Characterizing Propositional Proofs as Non-Commutative Formulas
Abstract
Does every Boolean tautology have a short propositional-calculus proof? Here, a propositional calculus (i.e. Frege) proof is a proof starting from a set of axioms and deriving new Boolean formulas using a set of fixed sound derivation rules. Establishing any super-polynomial size lower bound on Frege proofs (in terms of the size of the formula proved) is a major open problem in proof complexity, and among a handful of fundamental hardness questions in complexity theory by and large. Non-commutative arithmetic formulas, on the other hand, constitute a quite weak computational model, for which exponential-size lower bounds were shown already back in 1991 by Nisan [Nis91] who used a particularly transparent argument.
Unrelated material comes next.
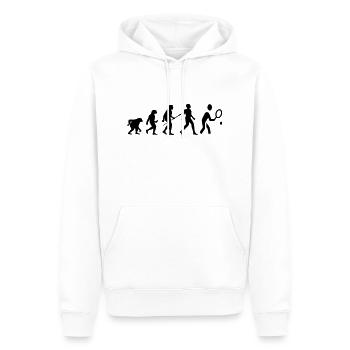 Cooles „Evolution Tennis Shirt“ Design - Männer Premium Bio Hoodie - Weiß - Vorne - Nico (187cm)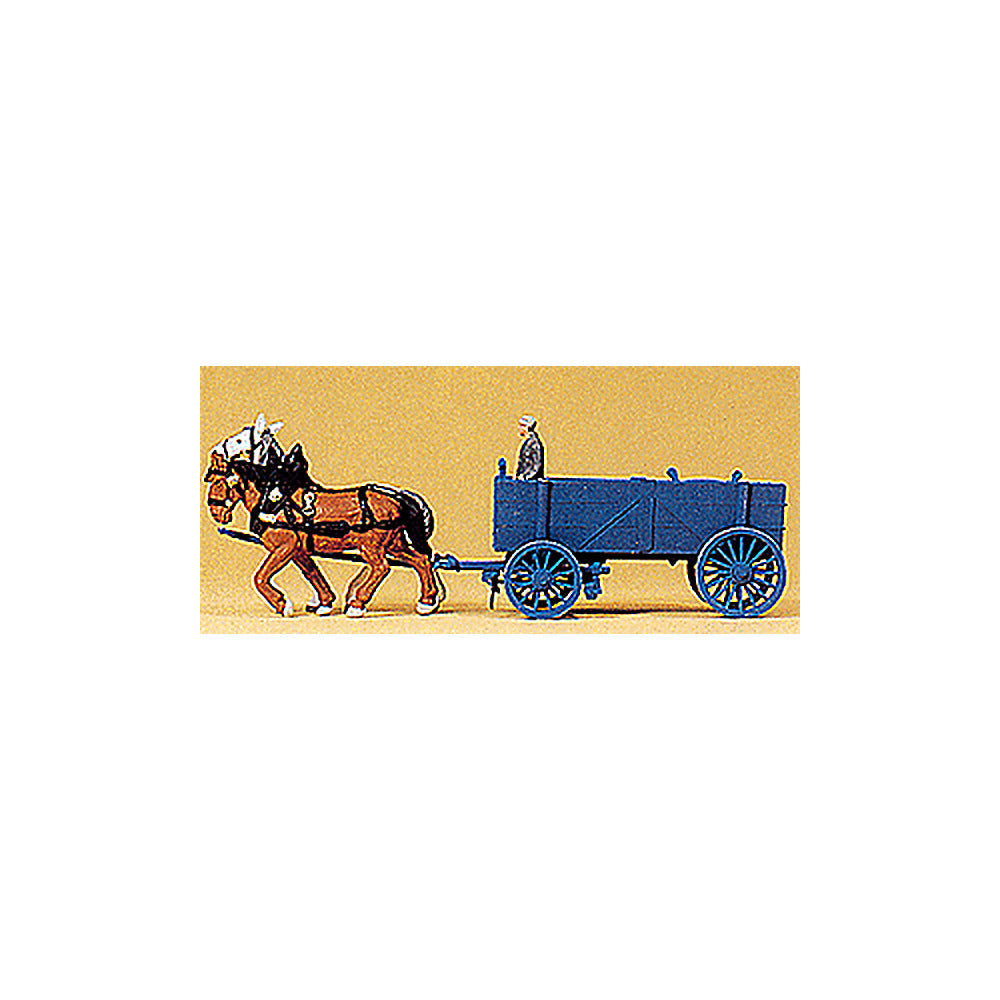 Preiser 30468 HO Scale Horse-Drawn Wagon Ore Wagon w/Driver & Horses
In this work we show that Frege lower bounds in fact follow from corresponding size lower bounds on non-commutative formulas computing certain polynomials (and that such lower bounds on non-commutative formulas must exist, unless NP=coNP). More precisely, we demonstrate a natural association between tautologies T to non-commutative polynomials p, such that: if T has a polynomial-size Frege proof then p has a polynomial-size non-commutative arithmetic formula; and conversely, when T is a DNF, if p has a polynomial-size non-commutative arithmetic formula over GF(2) then T has a Frege proof of quasi-polynomial size.